WHAT IS EXPECTED
Using the entries below, restate word for word only the lines from the one with "208 Burkett Street, Benton, IL" to the final line, leaving the pictures out.

(Stored items from a collection)
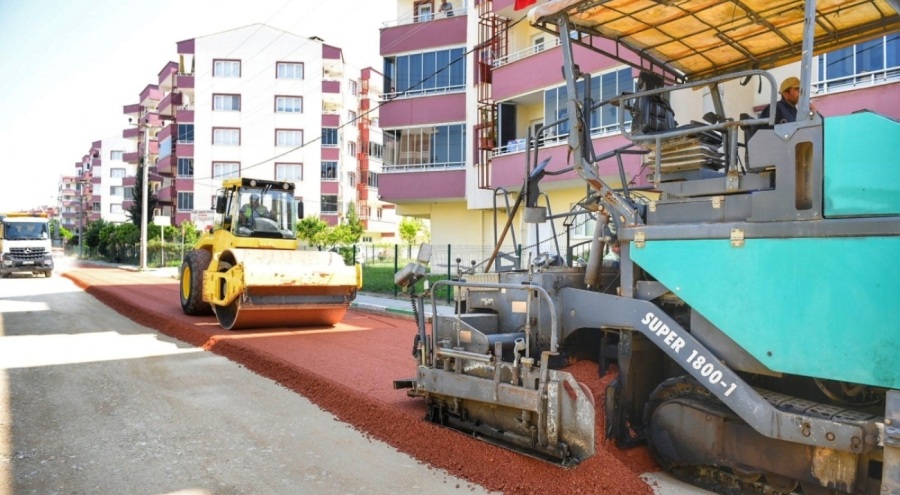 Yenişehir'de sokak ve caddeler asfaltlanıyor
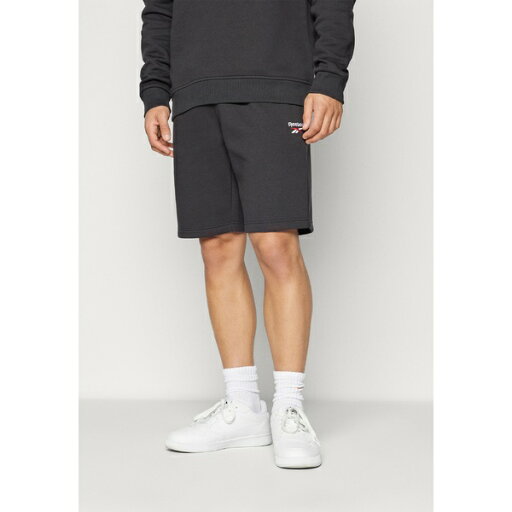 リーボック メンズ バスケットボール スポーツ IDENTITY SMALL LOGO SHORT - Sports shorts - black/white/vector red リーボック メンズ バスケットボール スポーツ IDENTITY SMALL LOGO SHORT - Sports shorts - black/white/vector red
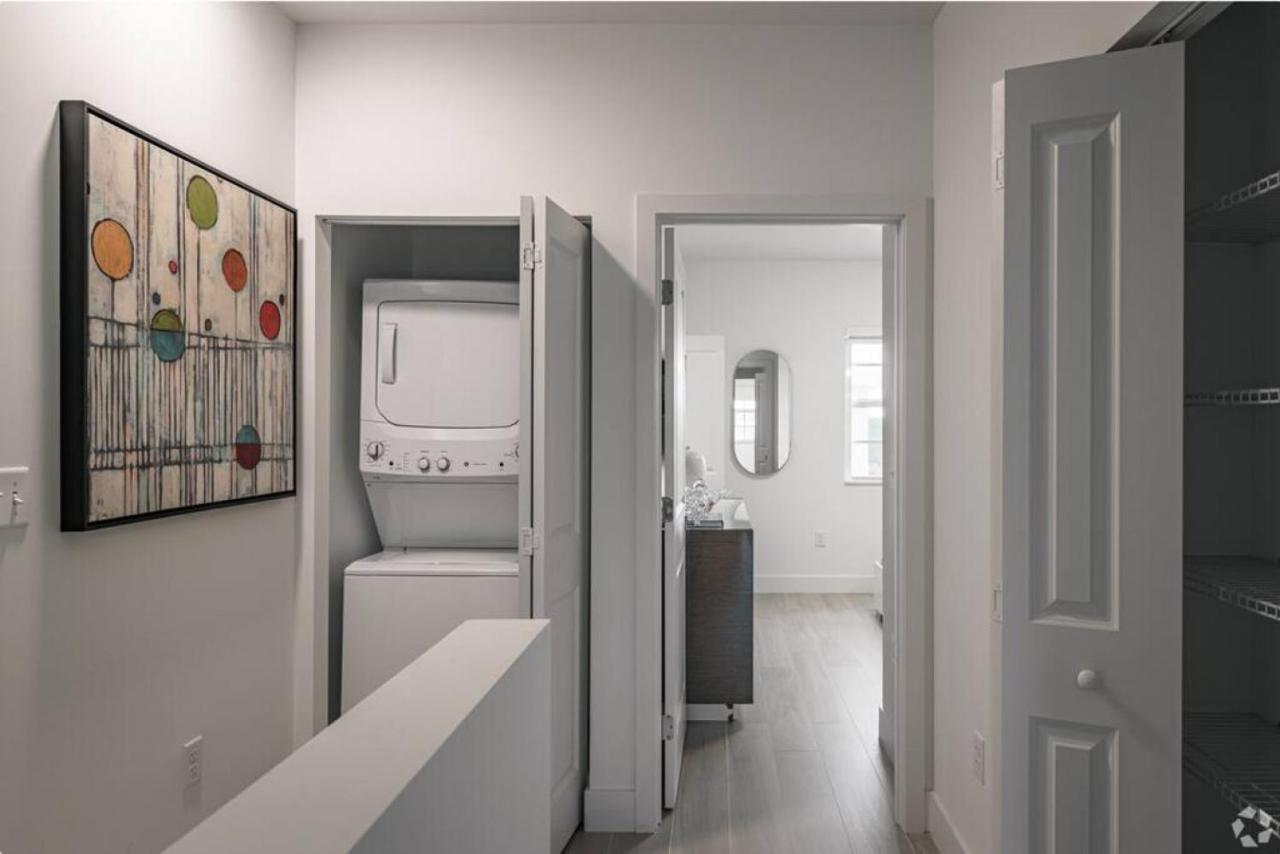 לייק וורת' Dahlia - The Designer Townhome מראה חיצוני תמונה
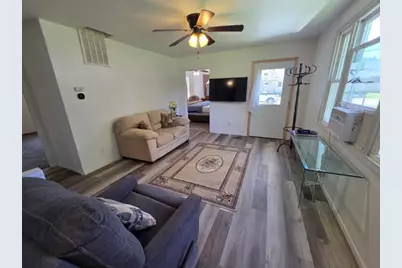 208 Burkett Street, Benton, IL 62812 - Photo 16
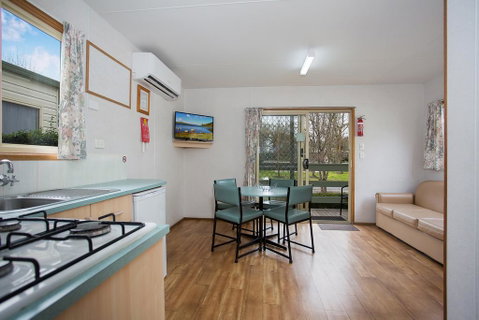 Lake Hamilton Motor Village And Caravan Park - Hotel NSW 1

RESPONSE AREA
 208 Burkett Street, Benton, IL 62812 - Photo 16
 Lake Hamilton Motor Village And Caravan Park - Hotel NSW 1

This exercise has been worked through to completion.